Yunus described the idea thus: “It’s a non-loss, non-dividend company set up for a social purpose... It aims at doing good to others, not to yourself.” He went on to describe an existing social business set up by his foundation and the European dairy company Danone, which makes yoghurt at low prices for Indian street children. A puzzled Humphrys pressed him on the point: “You say this is a business. But it’s not... people put their money into business in order to create profit. This is just a charity, isn’t it?”

“Absolutely not,” Yunus said. “If you produce something and give it away, that becomes charity. With a social business, you cover your costs.”

If I was being cynical, I’d say that the current state of the print industry hovers somewhere between Yunus’s definition of a charity and a social business. Seen in this light, how many printers are either a social business (simply covering their costs) or making something and giving it away (a charity)?

I was treated this week to an apocalyptic view of the print industry’s future, courtesy of a print finisher based in Lancashire. The managing director of the company, which has been family-owned and run since its inception in 1992, was sounding off about – you guessed it – print management companies. Print managers are parasitic, in his opinion, and slowly draining the life-blood of the host industry that feeds them. “They’ve turned into bullies who harass printers into printing top-quality work for stupid prices,” the finisher said. “Printers are no longer allowed to make money on their own work. God knows how we’re all going to survive.”

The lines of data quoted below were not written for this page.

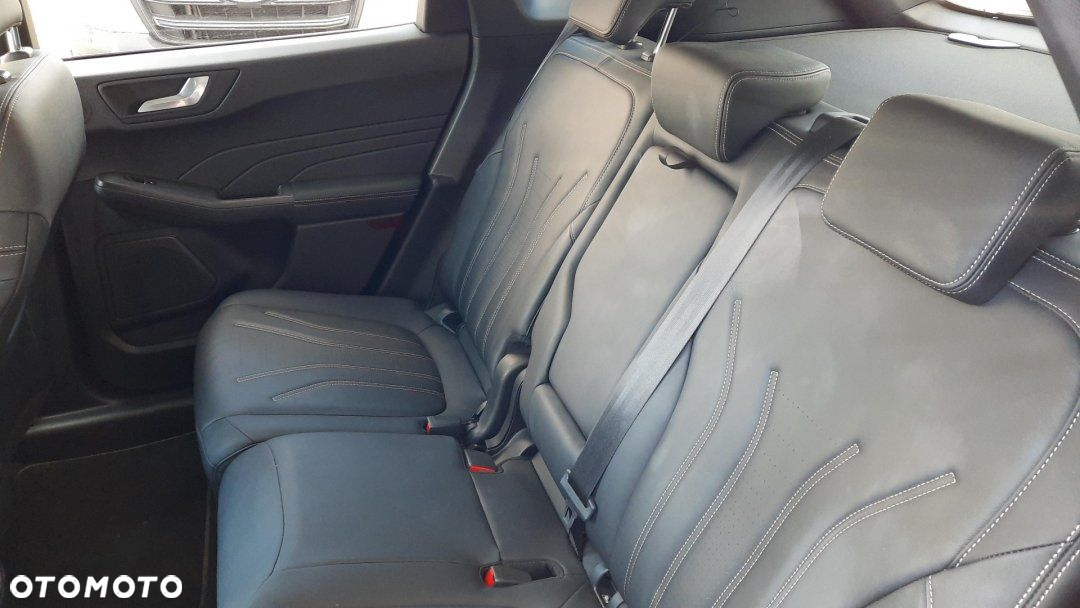 Ford Kuga - 15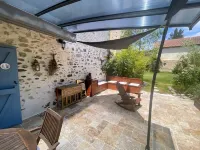 Ancien Presbytère du 17eme sur 1750 m2 de Jardin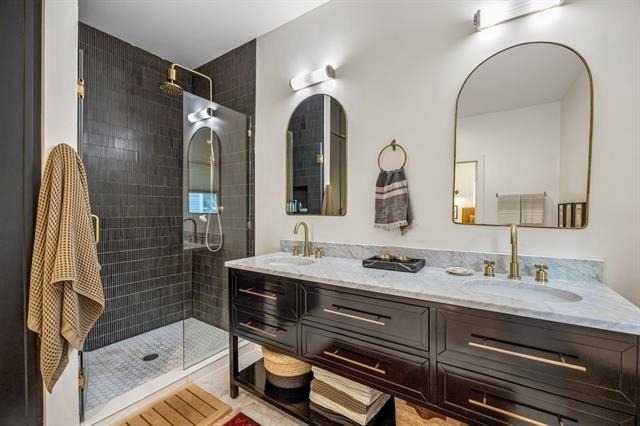 310 N Montclair Avenue - Photo 19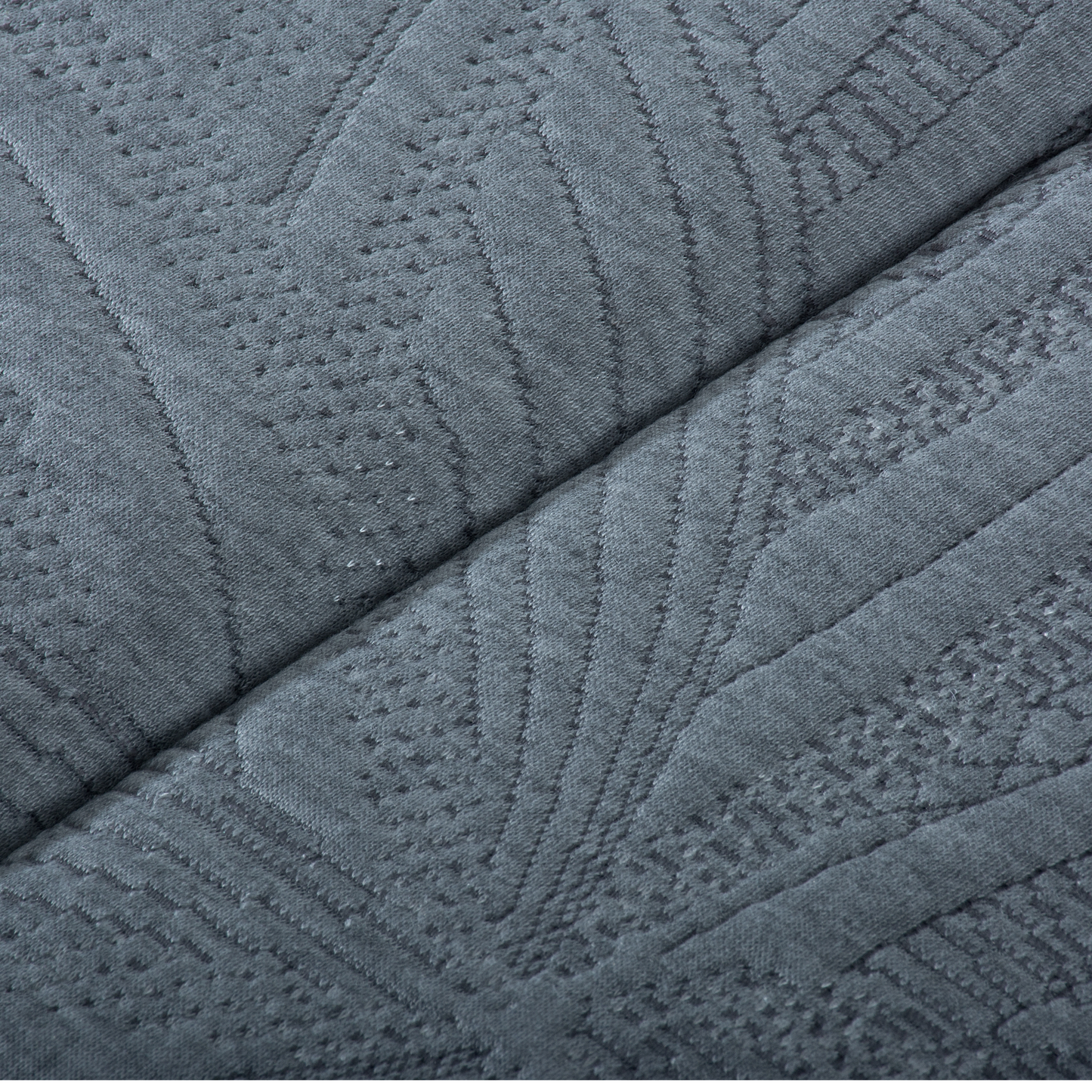 Sleeply Hybrid Mattress 2000 Pocket Sprung multi layered soft touch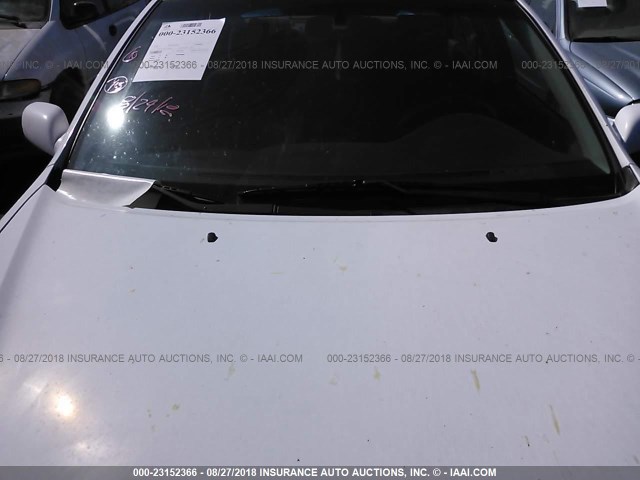 JTDBE32K830160268 - 2003 TOYOTA CAMRY LE/XLE 白色 照片 6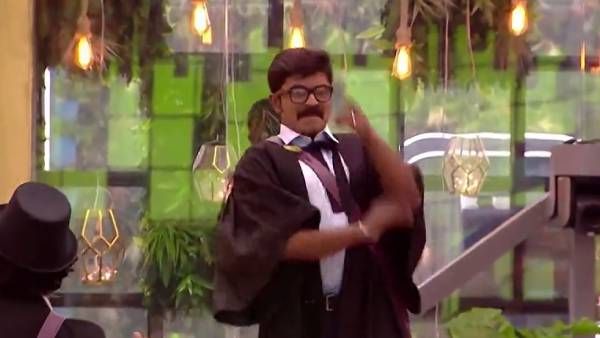 என்ன மேன் டான்ஸ் ஆடுறே நீ.. ரசிகர்களிடம் மொக்கை வாங்கிய அசீம்!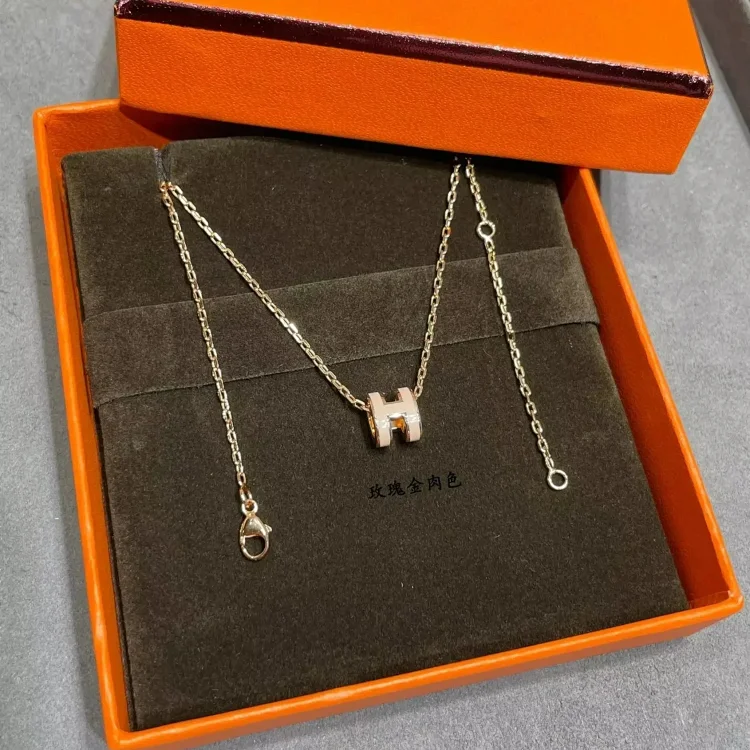 Hermès clavicle neck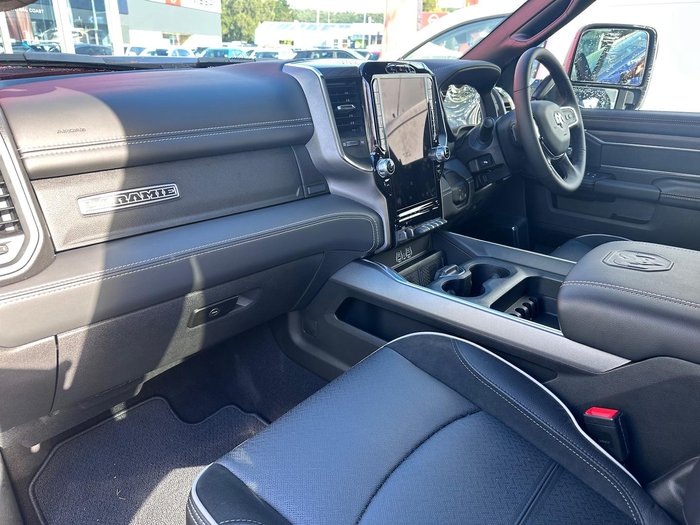 2025 RAM 2500 Laramie Rambox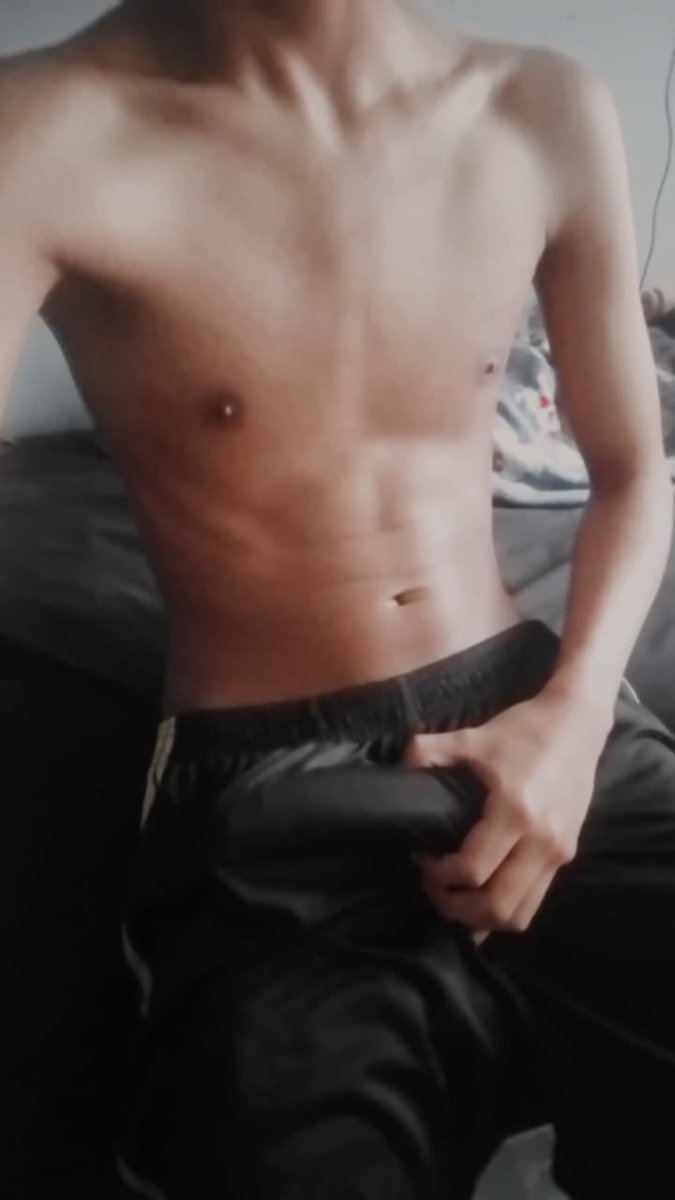 Isa54415922's tweet photo. Quien para chat hot https://t.co/fKyd7jYpvN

This particular trade finisher has found himself a niche that’s protected not only his margins, but his robust attitude to the dire straits in which the print industry currently finds itself. “A long time ago I decided I wasn’t going to be a busy fool,” he said. “I don’t just fill the factory with work that barely covers my costs. I charge the right amount of money for the job, and I take the right amount of time to produce it well. And anyone who doesn’t like it can just –”  (at this point I’ll draw a discreet veil over his suggestion; the upshot was that the print buyer should take his work elsewhere). “I won’t just work to keep on working,” he said. “I want to make a profit.”

Sobering thoughts. But are they accurate? Two print outfits I spoke to in the last week think they are – unfortunately. One was another trade finisher, based in Burnley, who by his own reckoning worked “two to three times harder in 2007 to make about 30% less than in 1997.” The other was an entrepreneur who set up a series of B3 print shops across the country, setting out about ten years ago. His original price list – for business stationery printed on a single-colour press – shows the same prices as now, for the identical work in four process colours. Inflation has been low over the past decade, but still that’s quite a feat.

Print seems to be veering irrevocably towards Yunus’s ‘social business’ model, and, in the words of the Lancashire trade finisher, “God knows how we’re all going to survive”.